:: Required work ::
Keep the pictures out, and restate the listing that follows exactly as written.

:: The data ::
┌────────

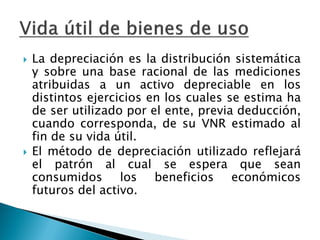 La depreciación es la distribución sistemática y sobre una base racional de las mediciones atribuidas a un activo depreciable en los distintos ejercicios en los cuales se estima ha de ser utilizado por el ente, previa deducción, cuando corresponda, de su VNR estimado al fin de su vida útil. 
El método de depreciación utilizado reflejará el patrón al cual se espera que sean consumidos los beneficios económicos futuros del activo.  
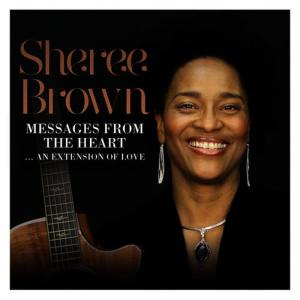 Sheree Brown的專輯Messages from the Heart
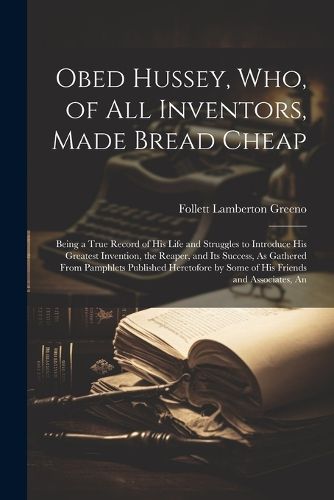 Cover image for Obed Hussey, Who, of All Inventors, Made Bread Cheap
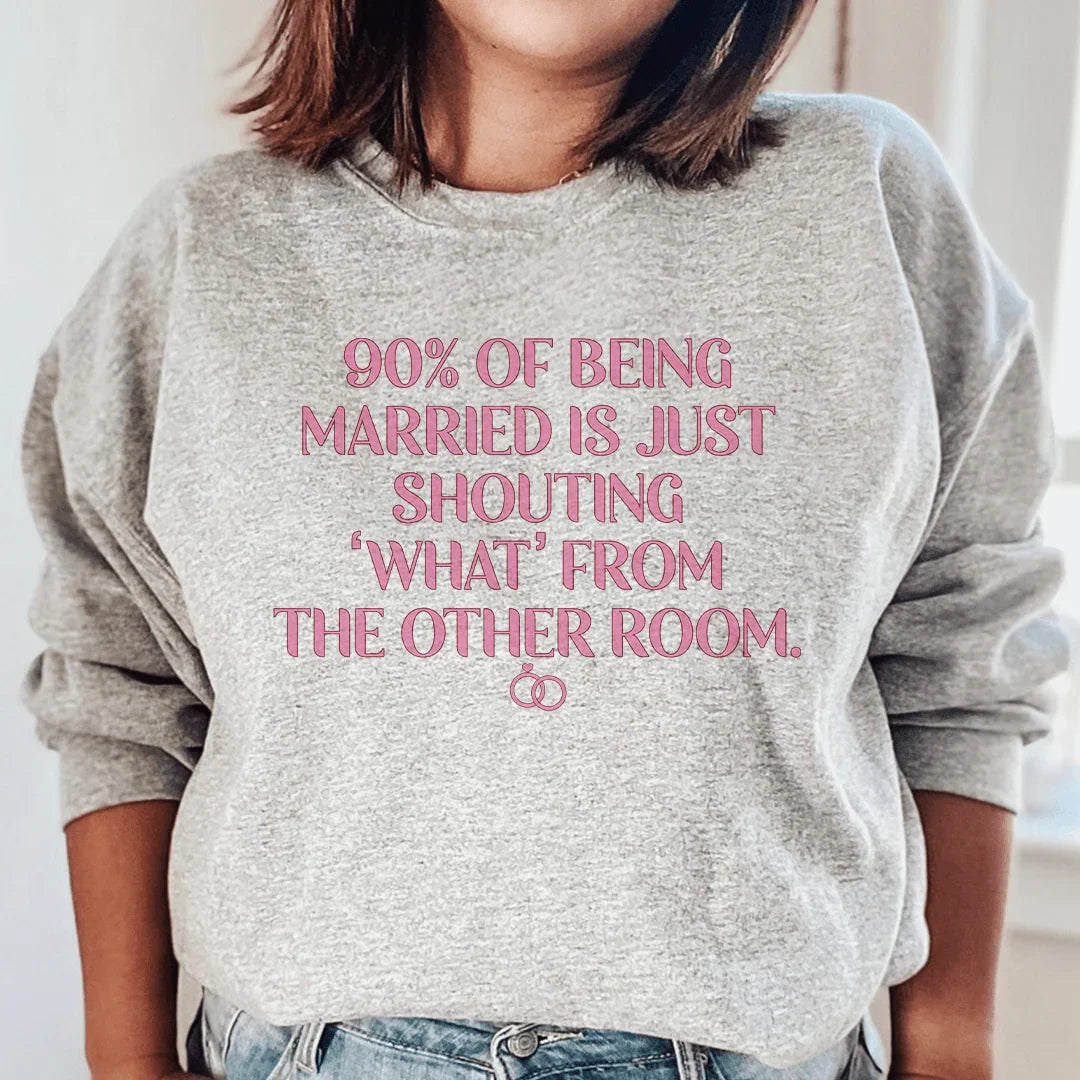 90% Of Being Married Sweatshirt - WonderingCloth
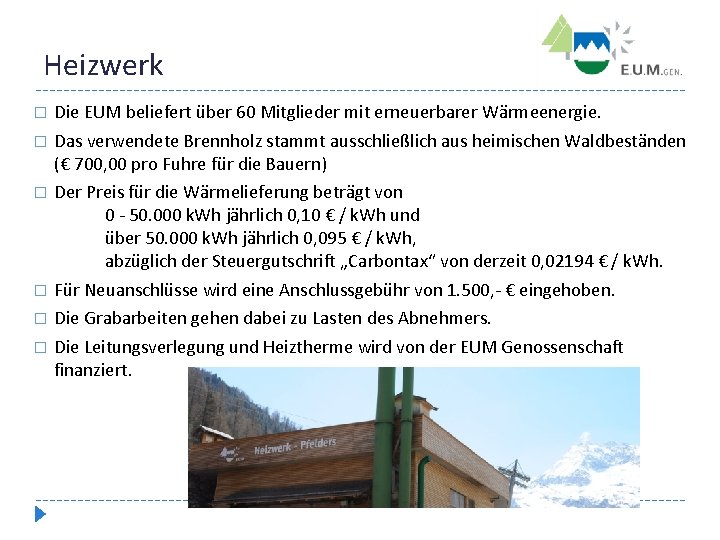 Heizwerk � Die EUM beliefert über 60 Mitglieder mit erneuerbarer Wärmeenergie. � Das verwendete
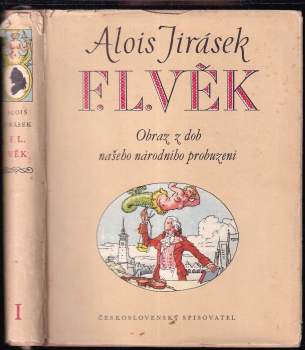 Alois Jirásek: F.L. Věk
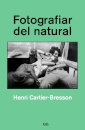 Fotografiar Del Natural. Henri Cartier-Bresson 2ª Ed.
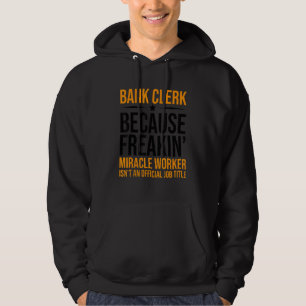 Bankbediende Omdat Verdomde Wonderdoener Geen Hoodie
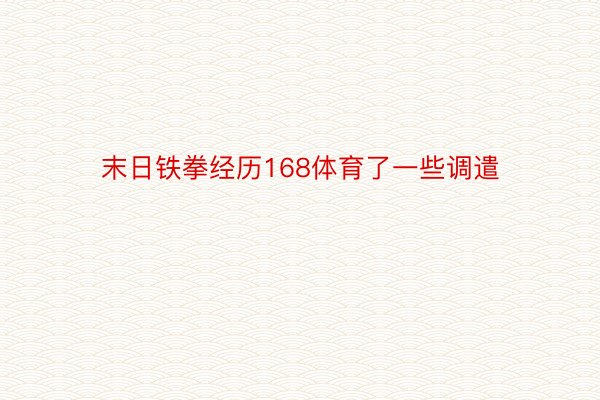 末日铁拳经历168体育了一些调遣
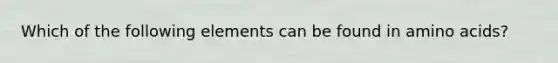 Which of the following elements can be found in amino acids?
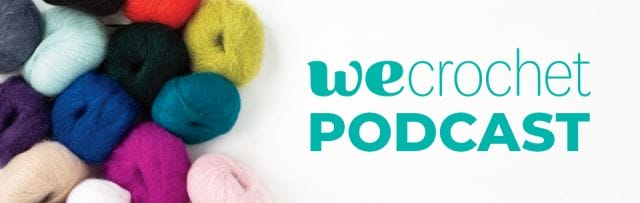 Image of colorful yarn balls on a white background. Text that says "WeCrochet Podcast"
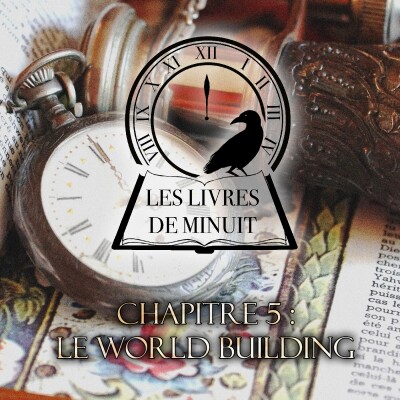 Les Livres de minuit chapitre 5 : Le World building cover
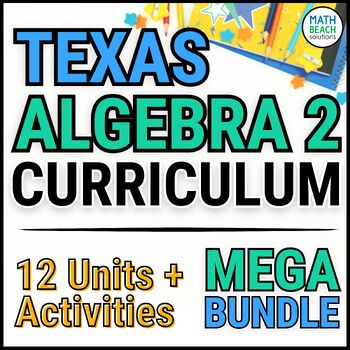 Preview of Texas Algebra 2 Curriculum Mega Bundle (with Activities)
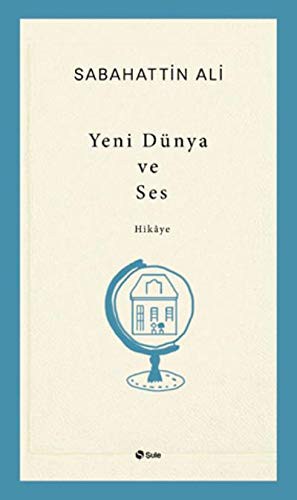 Yeni Dünya ve Ses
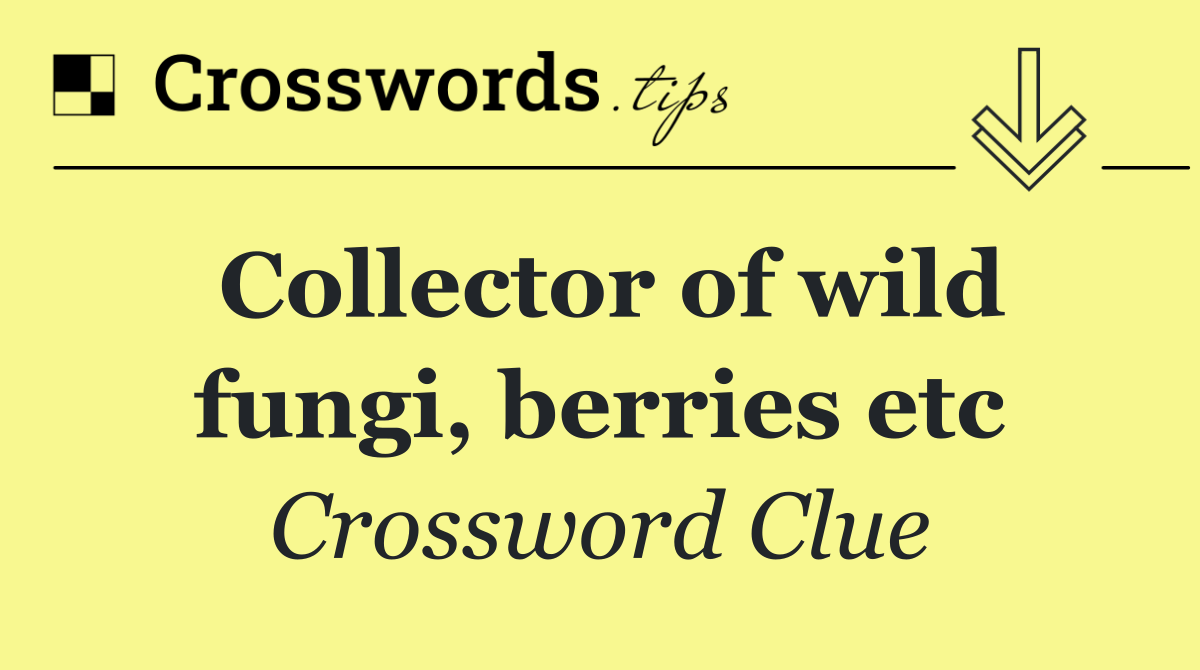 Collector of wild fungi, berries etc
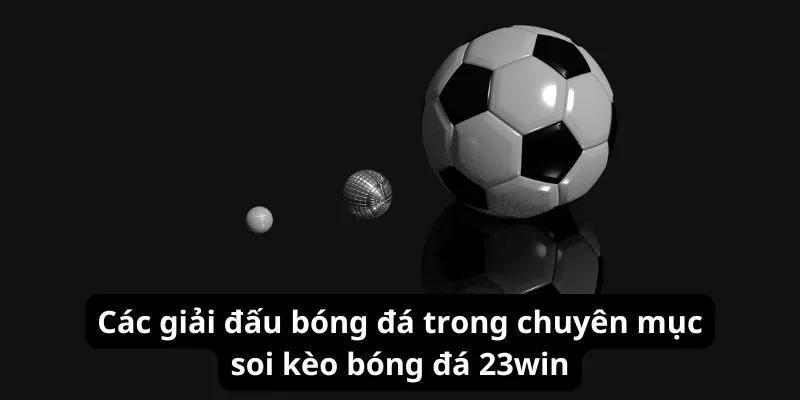 Các giải đấu bóng đá trong chuyên mục soi kèo bóng đá 23win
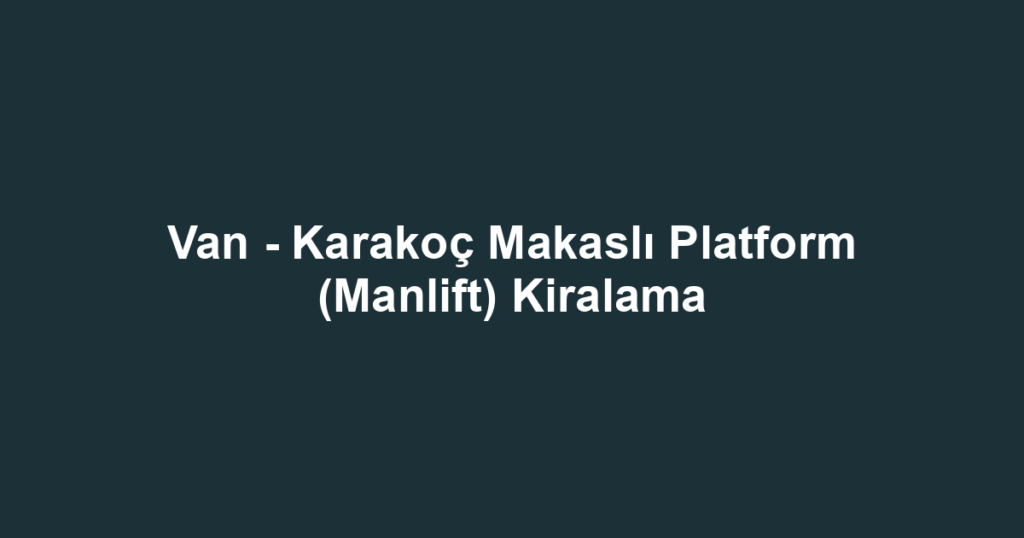 Van - Karakoç Makaslı Platform (Manlift) Kiralama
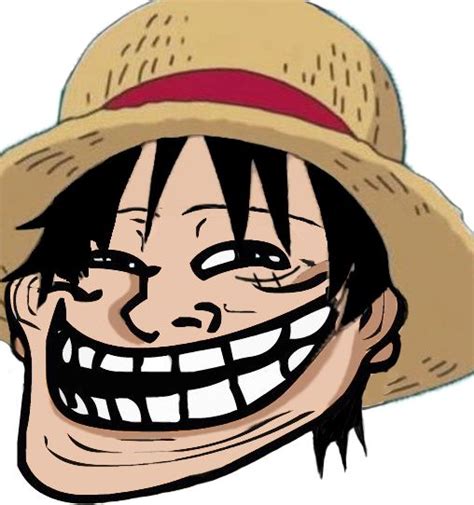 Luffy Troll Face For You One Piece Fans One Piece Meme Troll Face
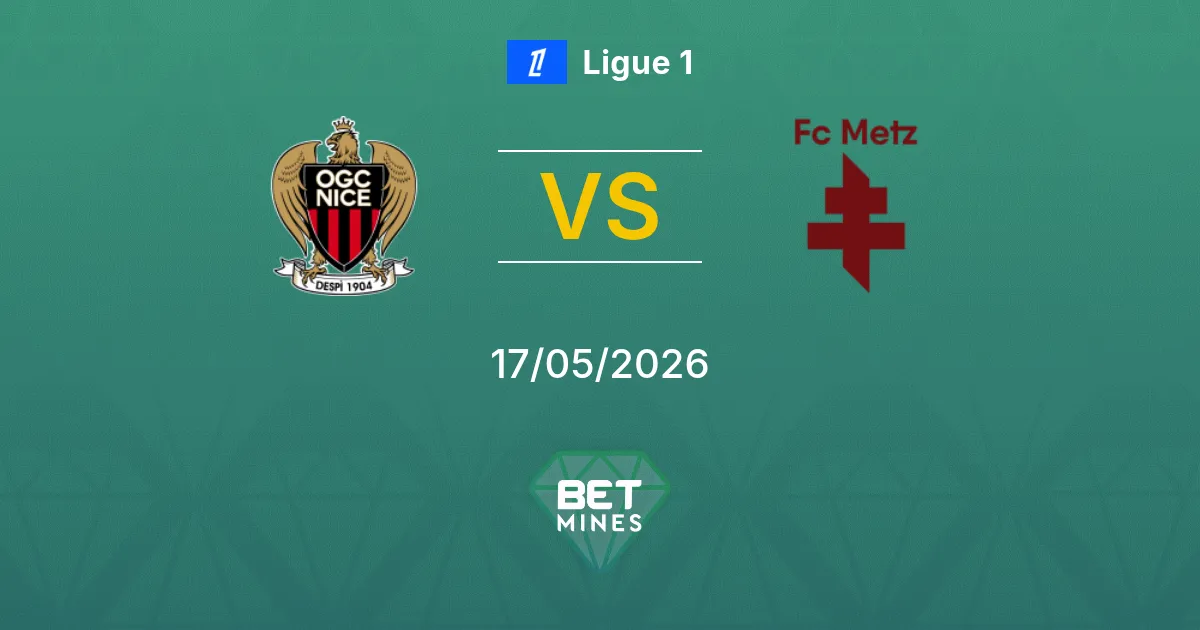 Nice x Metz Palpite: Prévia e Análise da Partida | Ligue 1 17-05-2026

└────────

:: Response ::
 La depreciación es la distribución sistemática y sobre una base racional de las mediciones atribuidas a un activo depreciable en los distintos ejercicios en los cuales se estima ha de ser utilizado por el ente, previa deducción, cuando corresponda, de su VNR estimado al fin de su vida útil. 
El método de depreciación utilizado reflejará el patrón al cual se espera que sean consumidos los beneficios económicos futuros del activo.  
 Sheree Brown的專輯Messages from the Heart
 Cover image for Obed Hussey, Who, of All Inventors, Made Bread Cheap
 90% Of Being Married Sweatshirt - WonderingCloth
 Heizwerk � Die EUM beliefert über 60 Mitglieder mit erneuerbarer Wärmeenergie. � Das verwendete
 Alois Jirásek: F.L. Věk
 Fotografiar Del Natural. Henri Cartier-Bresson 2ª Ed.
 Bankbediende Omdat Verdomde Wonderdoener Geen Hoodie
 末日铁拳经历168体育了一些调遣
 Which of the following elements can be found in amino acids?
 Image of colorful yarn balls on a white background. Text that says "WeCrochet Podcast"
 Les Livres de minuit chapitre 5 : Le World building cover
 Preview of Texas Algebra 2 Curriculum Mega Bundle (with Activities)
 Yeni Dünya ve Ses
 Collector of wild fungi, berries etc
 Các giải đấu bóng đá trong chuyên mục soi kèo bóng đá 23win
 Van - Karakoç Makaslı Platform (Manlift) Kiralama
 Luffy Troll Face For You One Piece Fans One Piece Meme Troll Face
 Nice x Metz Palpite: Prévia e Análise da Partida | Ligue 1 17-05-2026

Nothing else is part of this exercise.